Reputation: 131058
I try to use requests
library to get a content from an URL. In more details, I do it in the following way:
import requests
proxies = {'http':'my_proxy.blabla.com/'}
r = requests.get(url, proxies = proxies)
print r.text
As a result I get the following:
<?xml version="1.0" encoding="iso-8859-1"?>
<!DOCTYPE html PUBLIC "-//W3C//DTD XHTML 1.0 Transitional//EN"
"http://www.w3.org/TR/xhtml1/DTD/xhtml1-transitional.dtd">
<html xmlns="http://www.w3.org/1999/xhtml" xml:lang="en" lang="en">
<head>
<title>404 - Not Found</title>
</head>
<body>
<h1>404 - Not Found</h1>
</body>
</html>
So, it looks like the proxy let me go and I reached the server. However, the web server was unable to interpret my request (wrong path or so) and did not know what content to return. Do I interpret it correctly?

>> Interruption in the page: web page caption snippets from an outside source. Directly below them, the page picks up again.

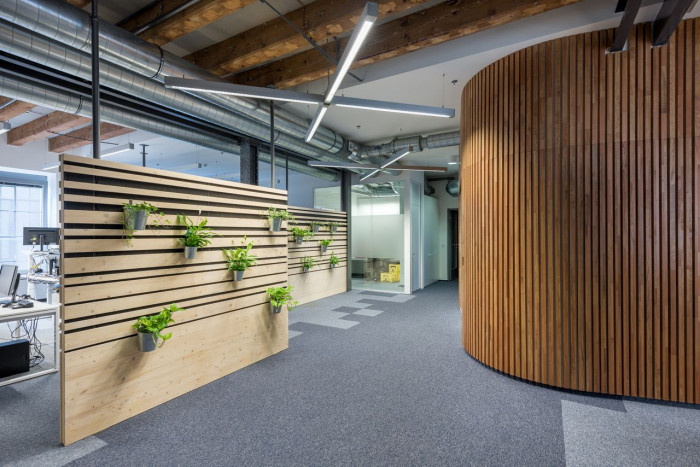 monom, kanceláře firmy Etnetera, foto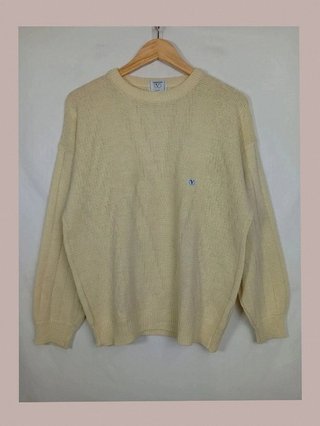 jersey amarillo valentino talla L (oversize)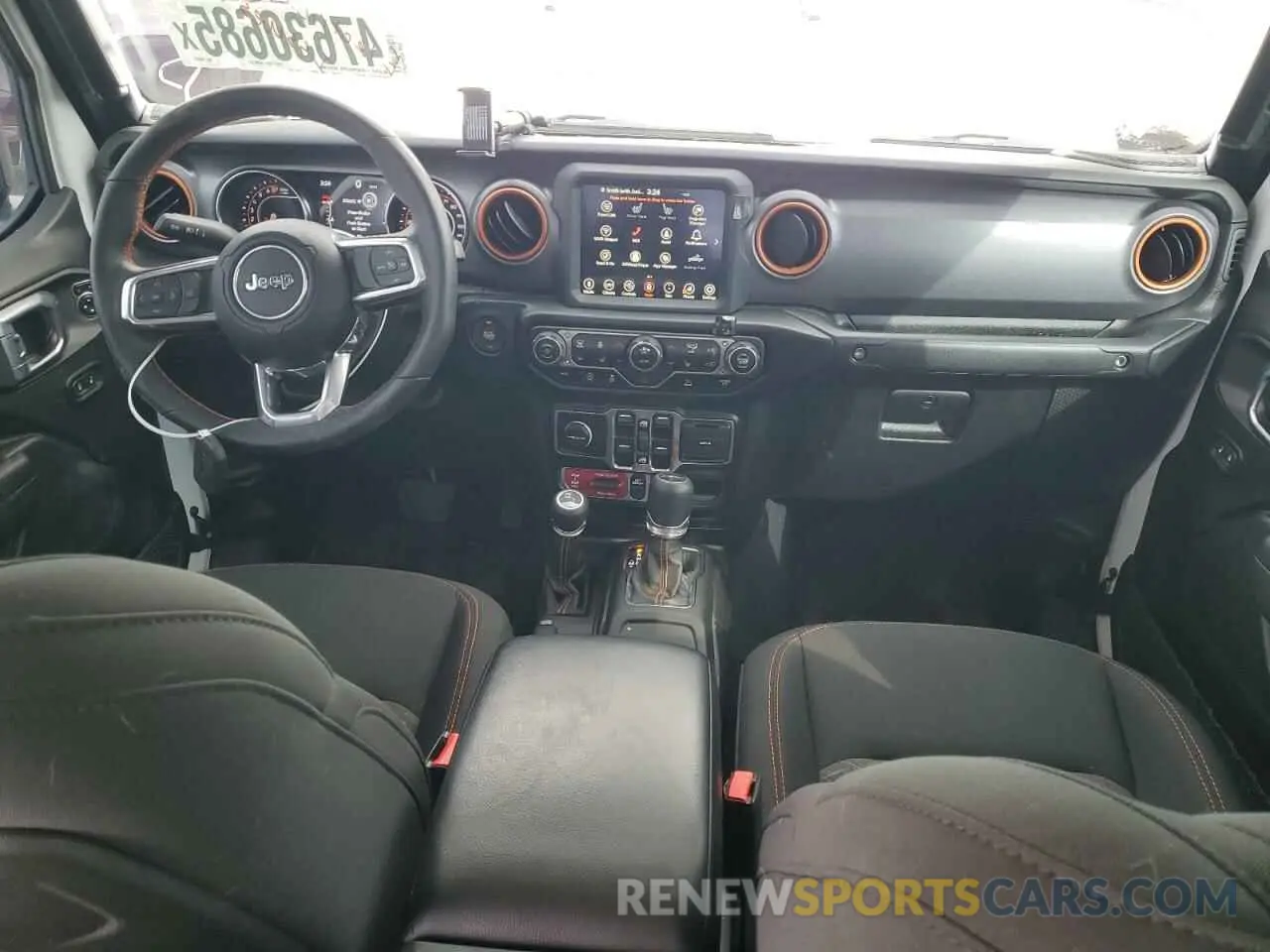8 Фотография поврежденного автомобиля 1C6JJTEG3PL582698 JEEP GLADIATOR 2023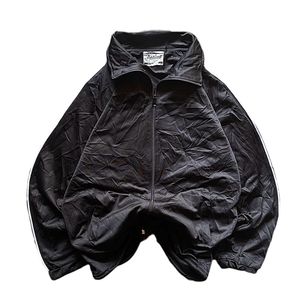 PAtina Japan Black Zip Tracktop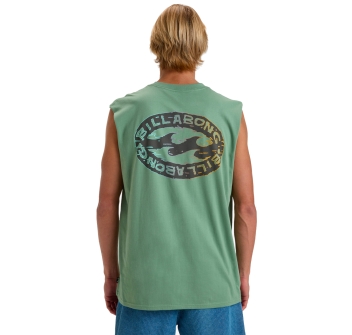 BILLABONG VENICE SLEEVELESS TANK TOP MOSS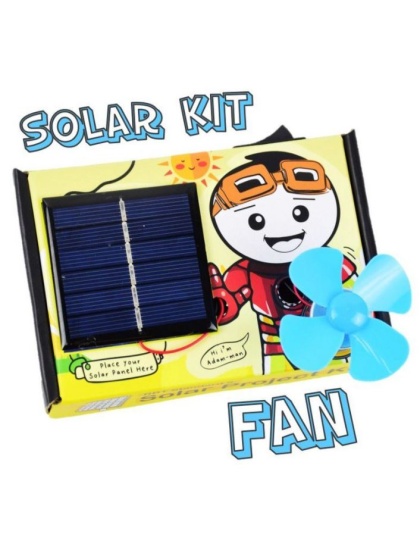 Solar Project Kit - Fan Edition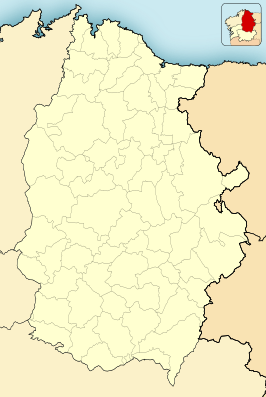 Chantada ubicada en Provincia de Lugo
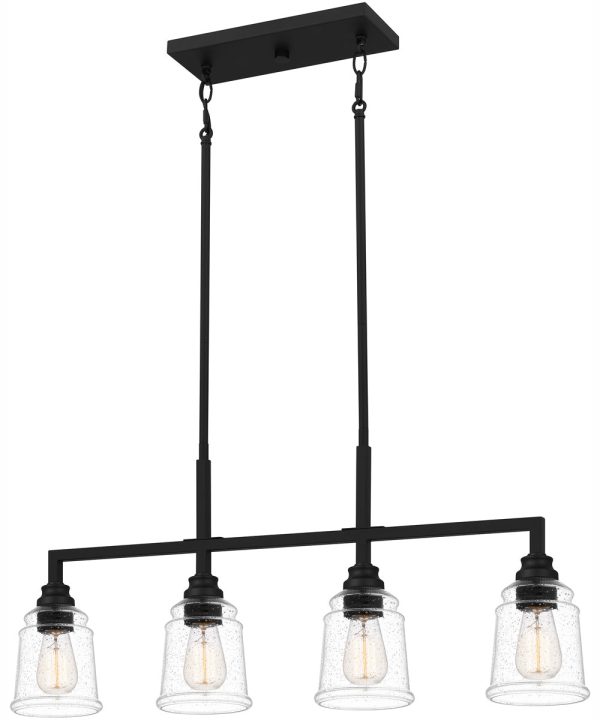 McIntire Small 4-light Island Light Matte Black Sale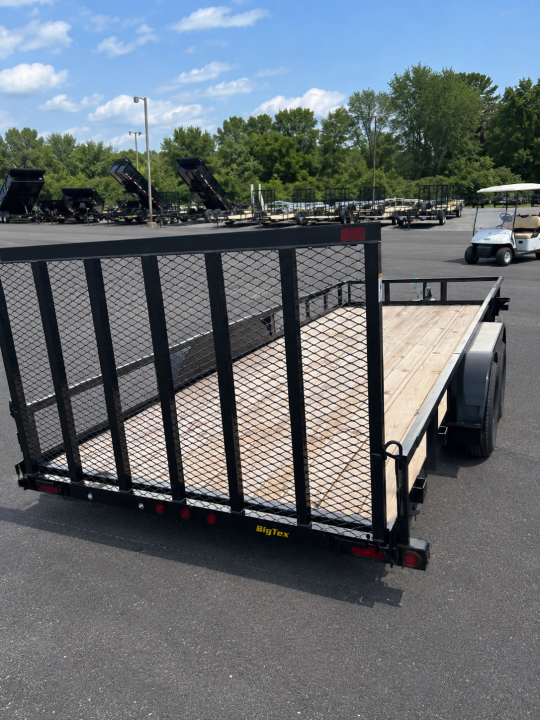 New 2025 Big Tex Trailers 70PI-18X Utility Trailer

What can be the reason for that? I do get the expected content if I put the URL in one of my browsers.
ADDED
It has been suggested in the comments that the root of the problem is in the headers. So, I used this web site: http://www.procato.com/my+headers/ to find out what headers are sent by my browser. I used these values to set the headers
variable given to the requests.get
function. I set the values for the following keys: 'User-Agent', 'Accept', 'Referer', 'Accept-Encoding', 'Accept-Language', 'X-Forwarded-For', 'Cache-Control', 'Connection'. Unfortunately, it does not resolve the problem. I am still getting the same 404 response.
ADDED 2
I have tested my function for tow different URLs and got exactly the same response. So, my previous assumption that the responses (XML that I see) comes from the web-server is probably wrong. It is unlikely that two completely different web-servers (one of them was Google) generate the same responses.
So, now I do not understand where the XML comes from. Can it be that it comes from the proxy server?
Upvotes: 1
Views: 15089
Reputation: 1852
import requests
URL = 'https://www.blahblah.com'
proxy = {'http': 'http://www.blahblah.com'}
r = requests.get(URL, proxies = proxy)
print r.text
Upvotes: 1